Second: it creates connotation-patterns. Connotations bleed over; this is the point of ideographs. If a columnist in America calls bacon jerky racist, if a columnist in the USSR calls bacon jerky capitalist, if a columnist in Nazi Germany calls bacon jerky artfremd, what the columnist intends is to bleed over the negative connotation of racist, capitalist, or artfremd onto the both the term and the referent bacon jerky, causing it to take on a negative connotation in the mind of the reader. (I have a bag of bacon jerky on my desk. It’s actually good. This still surprises me.) If a book is labeled with a trigger warning for racism, cissexism, or ableism—possibly if a book is labeled with any trigger warning at all—the negative connotations of the trigger warning will bleed over and associate themselves with the book. And if books that do not conform with progressive ideals come to take on more negative connotations than books that do, that will strengthen progressivism.

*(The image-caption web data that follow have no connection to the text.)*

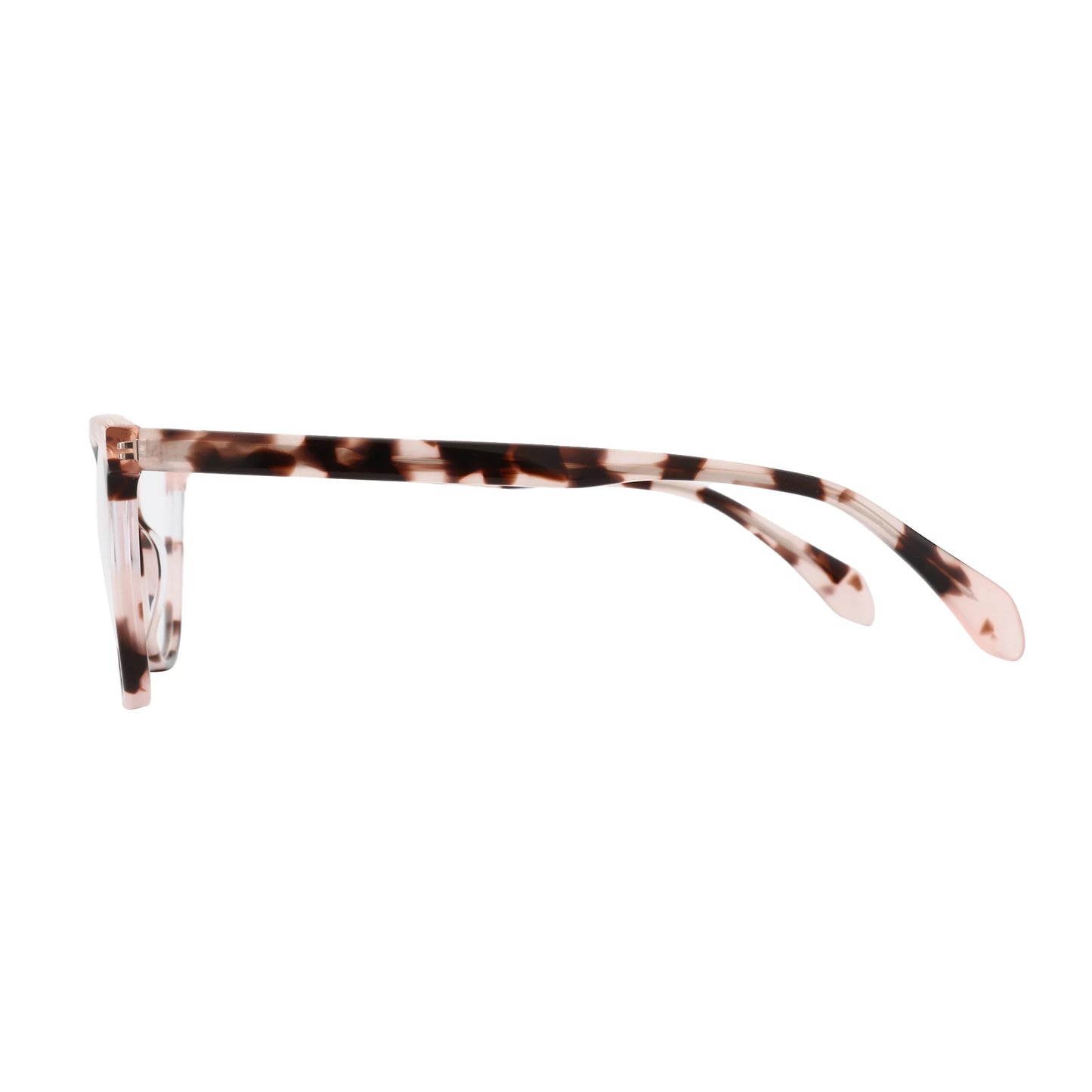 Gafas de Prescripción Cuadradas de Moda para Mujer | Gafas Elegantes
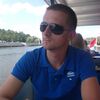 Владимир, 34, г.Слуцк Владимир, 34, г.Слуцк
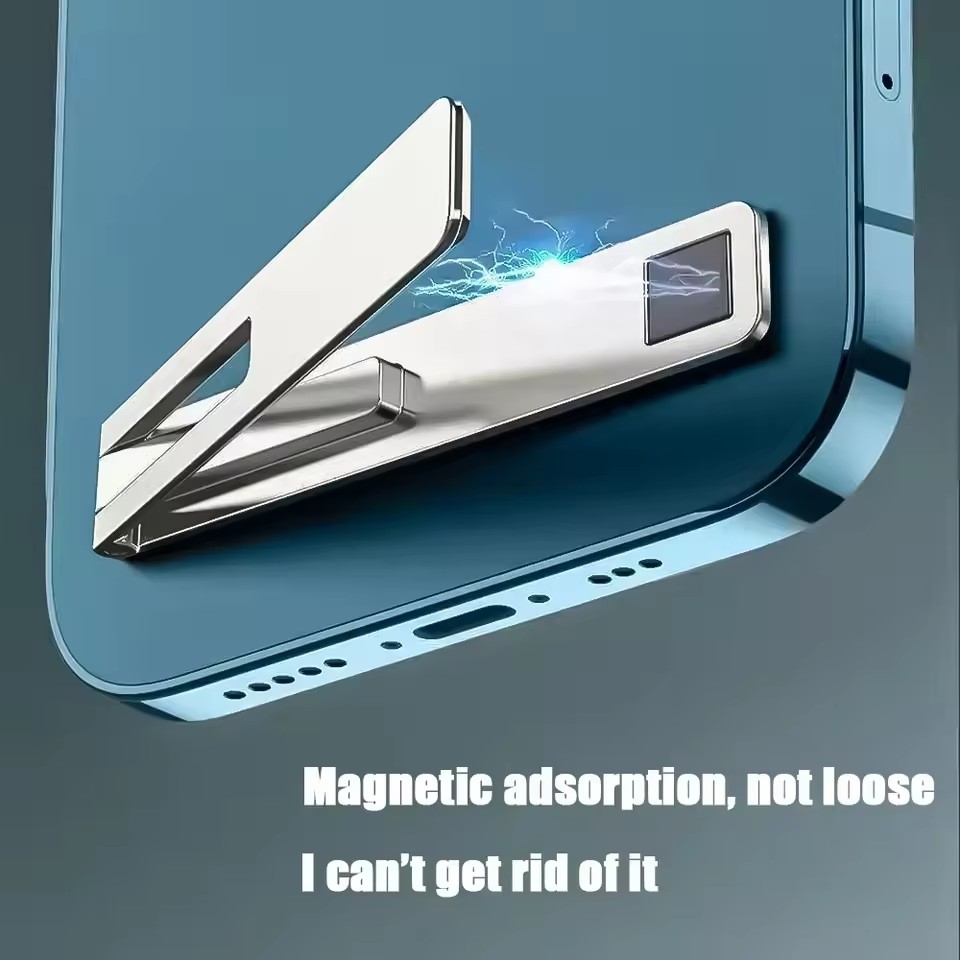 Magnetic Ultra Thin Foldable M - Mobile Pedestal Cabinet ulasan dan harga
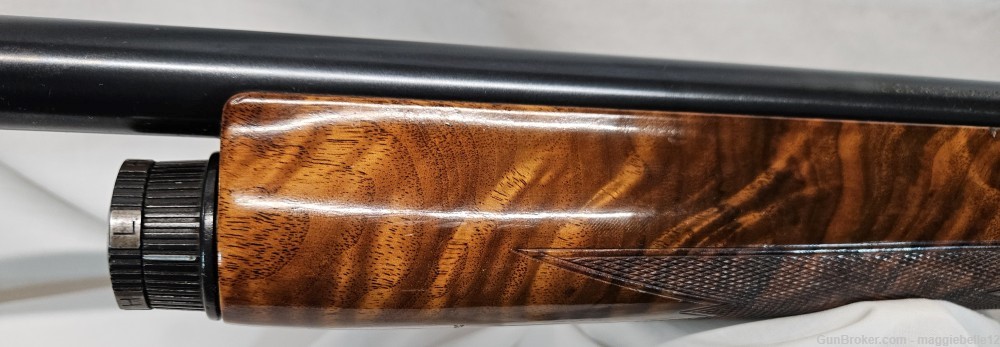 Remington 58 Sportsman12 Gauge-img-45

Third: it amplifies preëxisting connotation-patterns. Consider Whig history: “In the past everything was bad and scary and everyone was dumb. Old things are bad and scary, and old people are dumb. As time goes on, everything gets less bad and scary, and everyone gets smarter. You should not take things from the past seriously, because the past was worse, scarier, and dumber than the present.” Progressivism is recent, and our society has drifted to the left over time; so the aforementioned connotation-patterns play into and amplify this one.